Exclusive on Dengue Fever Part 1

Vikas Sharma. Dated: 9/15/2017 1:30:27 PM


Dengue is one of the
most rapidly spreading vector-borne
communicable diseases in state as well as the country.Transmitted by the Aedes mosquito, dengue can be fatal, and it does not have a vaccine or cure, so the emphasis is on prevention.
Let us talk over this burning issue with Dr SS Sambyal, who is a specialist and also a medical officer.
Vikas Sharma
Q 1: What is dengue fever?
SS: Dengue fever is a serious illness caused by a virus, which is spread through the bite of an infected Aedes mosquito. Occasionally the patient suffering from dengue may develop complications such as bleeding from the nose, gums or skin. Sometimes, the patient may have vomiting that looks similar to ground coffee, or pass black stools.

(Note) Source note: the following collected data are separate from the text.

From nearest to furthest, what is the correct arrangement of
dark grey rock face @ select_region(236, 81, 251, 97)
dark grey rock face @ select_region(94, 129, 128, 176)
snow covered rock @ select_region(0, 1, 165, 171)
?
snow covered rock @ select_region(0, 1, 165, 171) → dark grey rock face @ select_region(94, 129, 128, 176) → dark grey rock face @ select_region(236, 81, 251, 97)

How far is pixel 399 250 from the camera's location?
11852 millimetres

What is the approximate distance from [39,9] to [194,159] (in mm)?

This indicates bleeding in gastrointestinal tracts and it is serious. A patient with dengue who develops bleeding has dengue haemorrhagic fever (DHF). In rare instances, the patient suffering from dengue may develop shock or insufficient blood circulation, which is called dengue shock syndrome (DSS).
Q 2: How does dengue spread?
SS: Dengue is spread by the bite of an Aedes mosquito. The mosquito transmits the disease by biting an infected person and then biting someone else. The time between the bite of a mosquito carrying dengue virus and the start of symptoms averages from 4 to 6 days, with a range of 3–14 days. An infected person cannot spread the infection to other persons by direct contact, but can be a source of dengue virus for mosquitoes for about 6 days.
Q 3: Who is at risk for dengue?
Anyone who is bitten by an infected Aedes mosquito can get dengue fever. Risk factors for dengue haemorrhagic fever include a person’s age and immune status, as well as the type of infecting virus. Persons who were previously infected with one or more types of dengue virus are thought to be at greater risk for developing dengue haemorrhagic fever if infected again.
Q 4: How can a diagnosis of dengue be confirmed?
SS: Apart from the clinical features, there are laboratory tests which can confirm dengue infection. There are different methods, with different levels of accuracy, and these tests should be conducted in reliable laboratories. The tests include antigen detection tests which are the earliest to become positive, and antibody detection tests, which become positive after day 5 of the illness.
Q 5 : Can dengue fever be treated at home?
SS: Most patients with dengue fever can be treated at home. They should take rest, drink plenty of fluids and maintain a nutritious diet. Whenever available, oral rehydration salts (commonly used in treating diarrhoea) should be taken. Sufficient fluid intake is very important, and becomes critical if the fever progresses into dengue haemorrhagic fever, where loss of body fluid/blood is the most salient feature. It is important to look out for danger signs and contact the doctor as soon as one or more of these are noticed
Q 6: What is the treatment? Is it curable?
Like most viral diseases, there is no specific cure for dengue fever. Antibiotics do not help. Paracetamol is the drug of choice to bring down fever and joint pain. Other medicines such as aspirin and ibuprofen should be avoided since they can increase the risk of bleeding. Doctors should be very careful when prescribing medicines. Any medicine that decreases the platelet count should be avoided.